Lecture particulière, fascinante. J'ai découvert Sigismund Krzyzanowski ( 1887-1950 ) par un heureux papillonnage en librairie devant les rayonnages consacrés à la littérature russe. Tiens, du bleu Verdier parmi le jaune de l'éditeur. Curieuse. Et charmée par cette couverture cartonnée, ces pages épaisses, ce titre et une quatrième qui me raconte qu'il s'agit d'un ouvrage de non-fiction d'un auteur négligé et inclassable, moscovite d'adoption, arpenteur infatigable, [ qui ] déchiffre pour nous la ville-livre, ce condensé du monde qui est un des fondements de sa prose. Alors oui, et pourquoi pas ? J'adore les rencontres impromptues.
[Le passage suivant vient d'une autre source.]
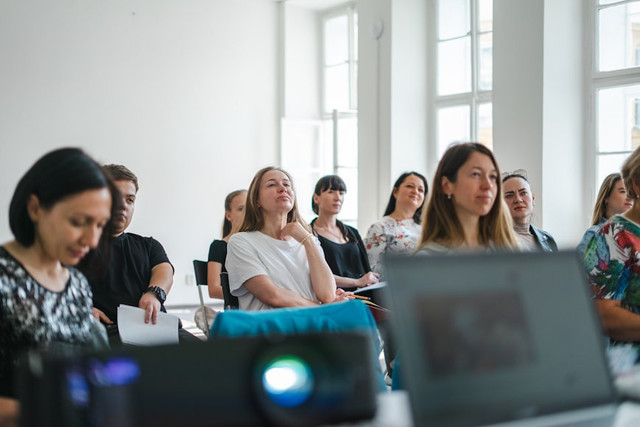 Ilustrasi Apa Itu Ice Breaking. Unsplash.com/Timur Shakerzianov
C'est même exactement ce que j'espère. Ainsi donc, la rencontre se déroule hors fiction, elle se confirme littéraire, parfois exigeante, prenante.

Ce livre se compose de trois parties, trois regards sur Moscou, trois temps. Les deux premières, complémentaires, furent publiées du vivant de l'auteur en 1925.

La première partie est celle du titre, celle qui l'explique : Treize lettres à un ami de province, une correspondance dont nous ne lisons que les envois du rédacteur moscovite d'adoption qui tente de décrire la ville à cet ami. Plus que décrire, cet homme, ce drôle de type qui cherche à comprendre où il est, l'explore durant deux années, essaie de la saisir dans tous les sens du terme. Ce sont ces errances à travers les significations de Moscou [...] jeu de l'esprit avec l'espace. Ces pas suivent les traces, les liens entre passé et présent de la ville amalgame, croisent les auteurs, les poètes russes, cherche des directions, du sens. Sa ( belle ) prose, à la fois précise et imaginative sur laquelle brille parfois une touche de fantaisie et/ou de provocation, confronte les visions de St-Pétersbourg, ville des idées, à Moscou, ville du regard. C'est singulièrement un univers, presque à la frontière d'une évocation fantastique, que ce narrateur s'essaie à interpréter dans l'entrelacs des ruelles moscovites.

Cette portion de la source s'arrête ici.